- Born: 1979 (age 46–47) United States
- Education: University of Virginia (BA) Courtauld Institute of Art (PhD)
- Occupations: CEO, Art Basel

= Noah Horowitz =

American art historian

Noah Horowitz (born 1979) is an American art historian and the CEO of Art Basel since 2022. Horowitz was previously at Sotheby’s as Worldwide Head of Gallery & Private Dealer Services, and held the post of Director Americas at Art Basel from 2015 to 2021. He has a Ph.D. in art history from the Courtauld Institute of Art in London and is the author of Art of the Deal: Contemporary Art in a Global Financial Market, published by Princeton University Press in 2011 and released as a paperback in 2014.

==Career==
Horowitz was born in Princeton, New Jersey in 1979. He graduated from The Lawrenceville School in 1998 and in 2002 received a B.A. degree in Art History with Economics from the University of Virginia, where he was an Echols Scholar. He continued on at the Courtauld Institute of Art in London for his M.A. (2003) and Ph.D. degrees (2006).

While finishing the doctorate, Horowitz worked as an associate at the Serpentine Gallery in London where he was mentored by its co-director Hans Ulrich Obrist. He moved to New York in 2010 and joined the team behind the first online-only art fair, VIP. The following year, he was hired as the Managing Director of The Armory Show in New York and became its overall head in 2012. Horowitz is widely credited with revitalizing the art fair, which had been losing gallery participation in the years leading up to his hire.

In July 2015, Art Basel, led by Marc Spiegler, announced they had hired Horowitz as its Director Americas, putting him in charge of Art Basel’s annual December edition in Miami Beach. Horowitz oversaw the transformation of the Miami fair and firmly established Art Basel’s presence in the United States and New York more broadly. His initiatives included the launch of the Global Art Market report, written by the economist Clare McAndrew.

In 2021, Horowitz moved to Sotheby’s, taking on the newly created position of Worldwide Head of Gallery & Private Dealer Services. During his tenure, Horowitz founded Artist’s Choice, a new sale that enables artists to consign work directly to auction.

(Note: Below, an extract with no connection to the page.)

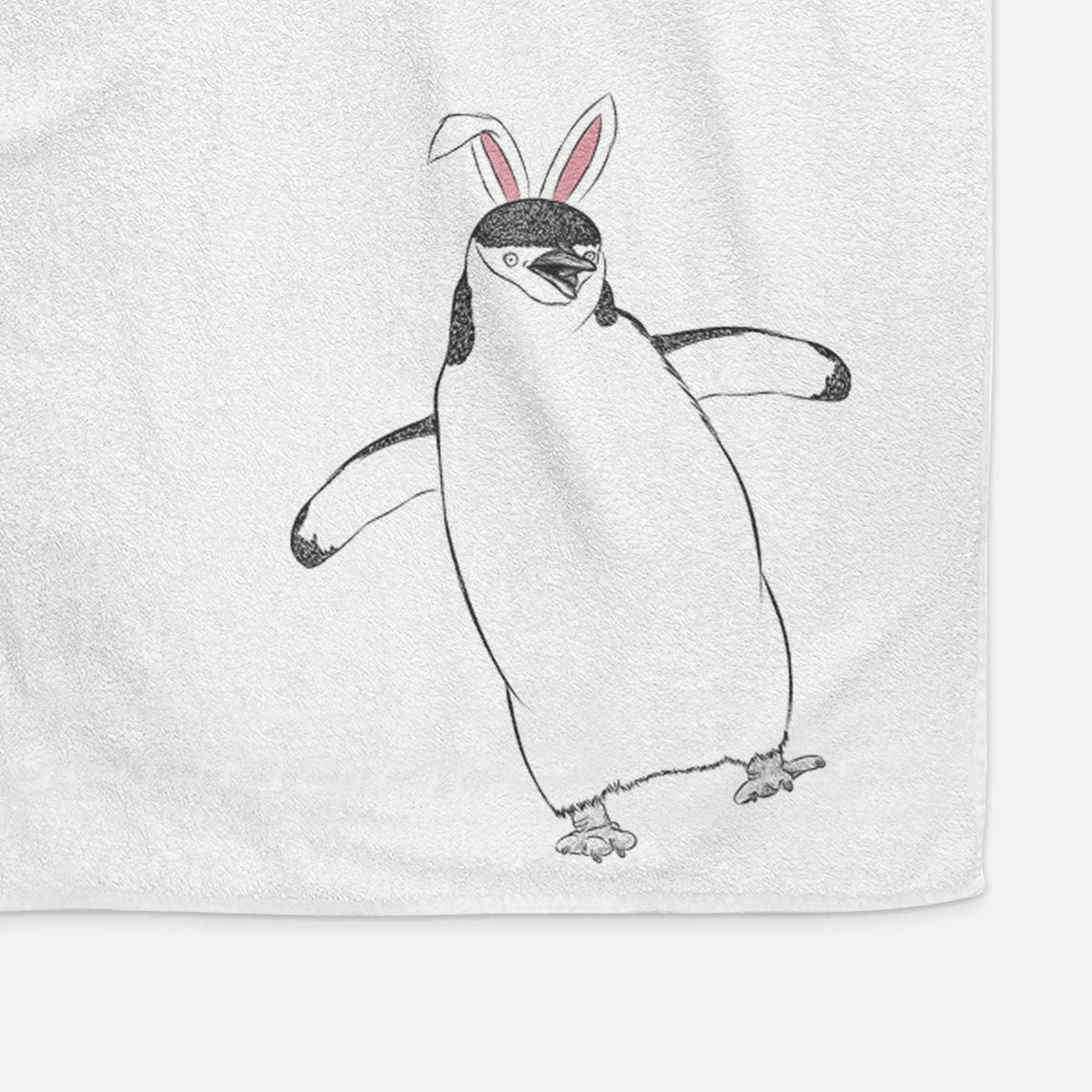 Chive the Chinstrap Penguin Decorative Hand Towel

Horowitz returned to Art Basel as CEO in November 2022, succeeding Global Director Marc Spiegler.

== Other roles ==
Horowitz has written and lectured widely on art and economics. His texts and commentary have appeared in publications including The New York Times, Financial Times, Texte zur Kunst and The Art Newspaper. His book, Art of the Deal: Contemporary Art in a Global Financial Market, was published by Princeton University Press in 2011 and released as a paperback in 2014.

== Personal life ==
Horowitz lives in Brooklyn, New York. He is married to fellow art historian Louise Sorensen and together they have two kids.